Select Enroll and note the Server URL.
This will be used as the API URL in Drata.Navigate to Admin → API.
Click the lock icon to reveal the API Key.
Copy the API Key.
Expected outcome: You have the Hexnode Server URL and API Key required for authentication.
Step 3: Connect Hexnode in Drata
Log in to Drata.
Navigate to Connections.
Search for Hexnode and start the connection process.
Enter the following values:
API URL (include
https://)API Token (your Hexnode API Key)
Select Save & Test Connection.
Expected outcome:
Hexnode is successfully connected and device compliance data begins syncing to Drata.
Step-by-Step Setup (Enable Device Automation)
Step 4: Enable Hexnode as the Device Compliance Source
In Drata, navigate to Settings → Personnel Compliance → Internal Security.

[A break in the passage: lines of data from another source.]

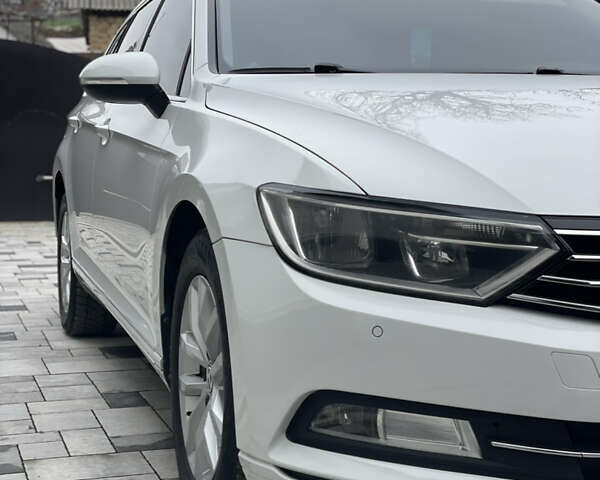 Белый Фольксваген Пассат, объемом двигателя 1.97 л и пробегом 295 тыс. км за 13400 $, фото 11 на Automoto.ua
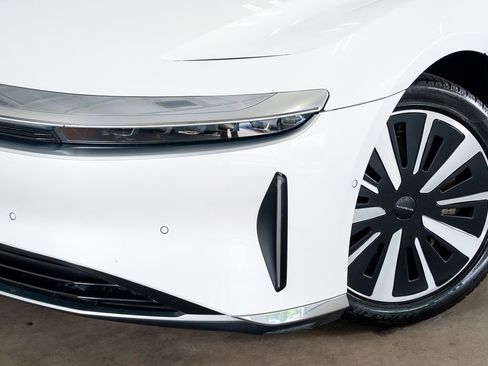 Used 2024 Lucid Air Pure RWD image 3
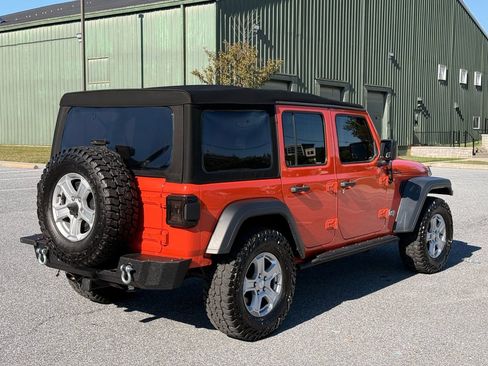 Used 2019 Jeep Wrangler Unlimited Sport S image 8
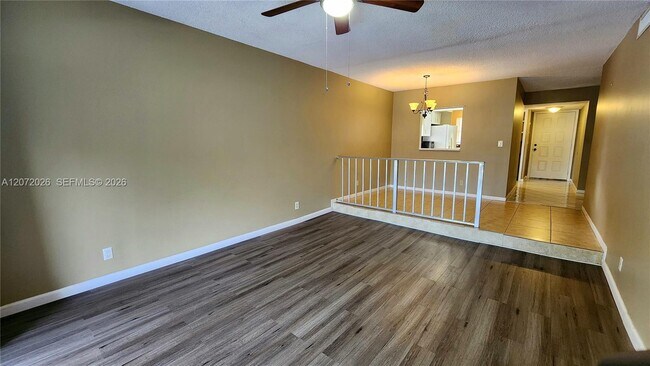 Building Photo - 2700 Coral Springs Dr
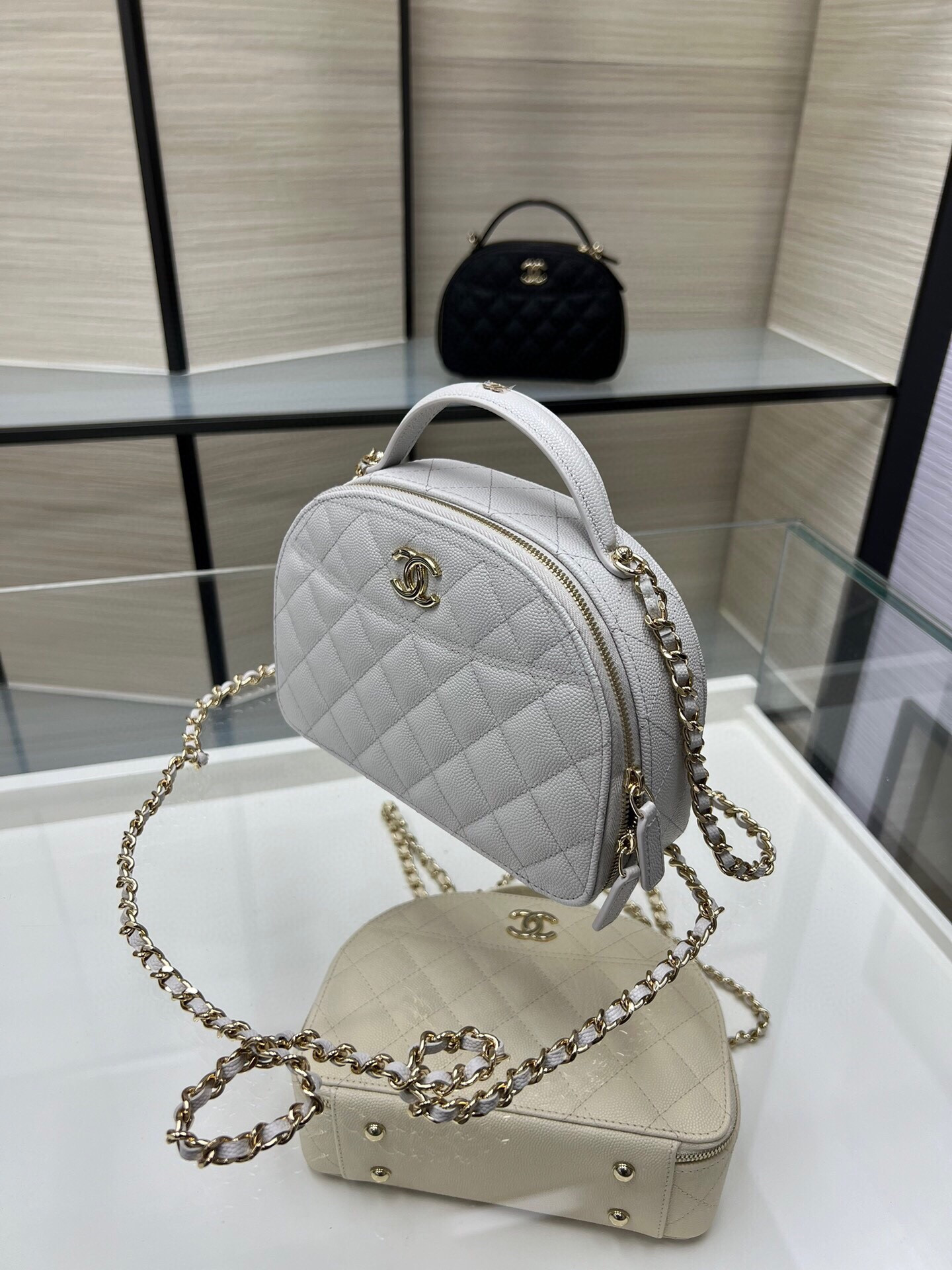 Ch**el 25C Chain shell bag 18X16X6cm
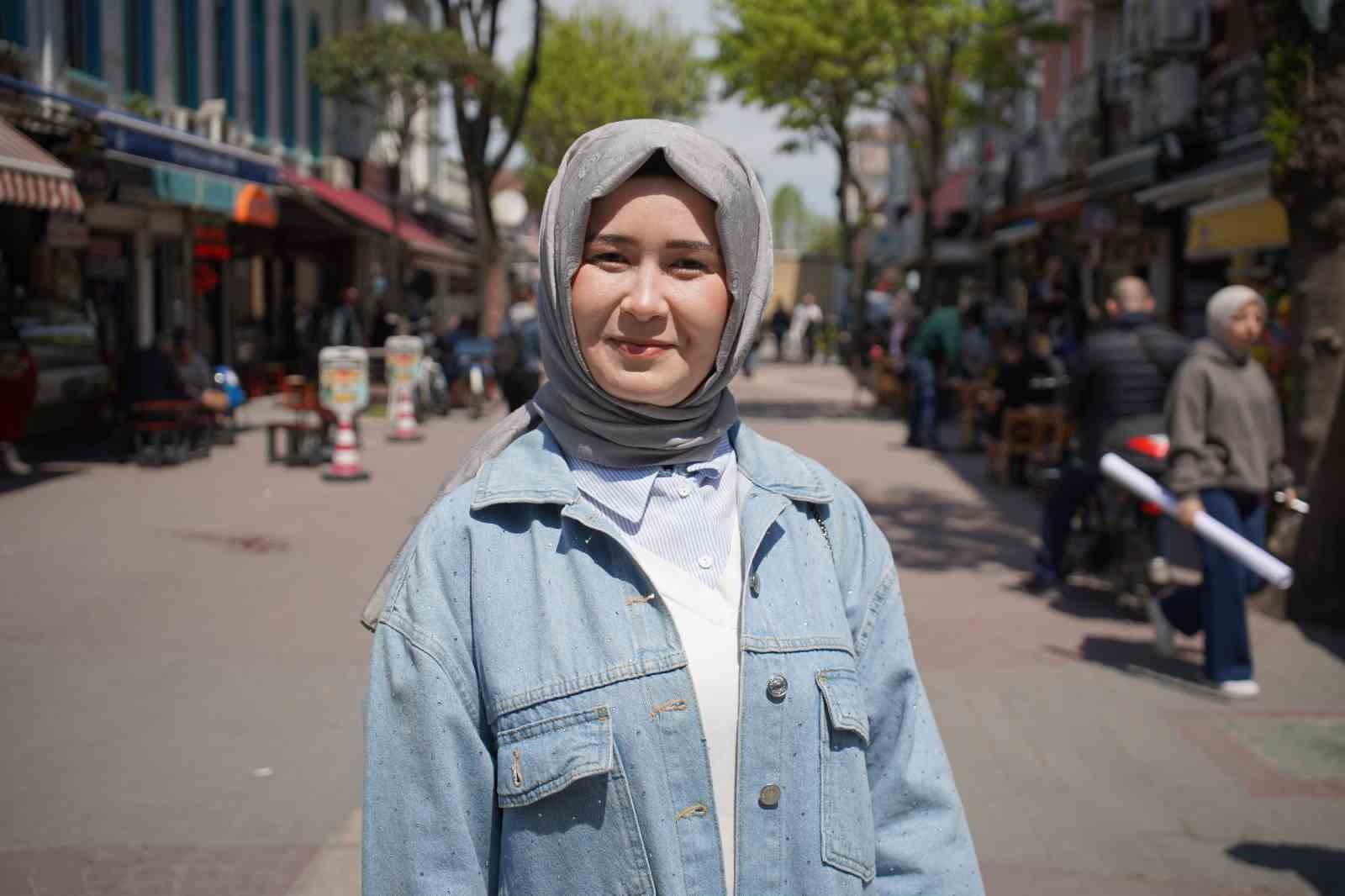 Sakarya’da güneşli havayı fırsat bilen vatandaşlar park ve caddelere akın etti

Enable Automated via Hexnode MDM.
Disable Automated via Drata Agent if you want Hexnode to be the primary compliance source.
Important behavior:
If both Hexnode and the Drata Agent are enabled, the Drata Agent takes precedence. Device compliance data will come from the Agent rather than the connected MDM.
Expected outcome: Device compliance data is collected from Hexnode MDM.
Important Notes
Hexnode data is synced daily after Drata Autopilot runs.
Devices must be enrolled in Hexnode to be monitored.
Only Windows desktop devices are supported.
Policy names must include the expected keywords (FileVault, Screensaver, Anti-Virus) for Drata to detect them correctly.
Browser extension password managers cannot be detected by Hexnode. Users must install the desktop application version for compliance checks to pass.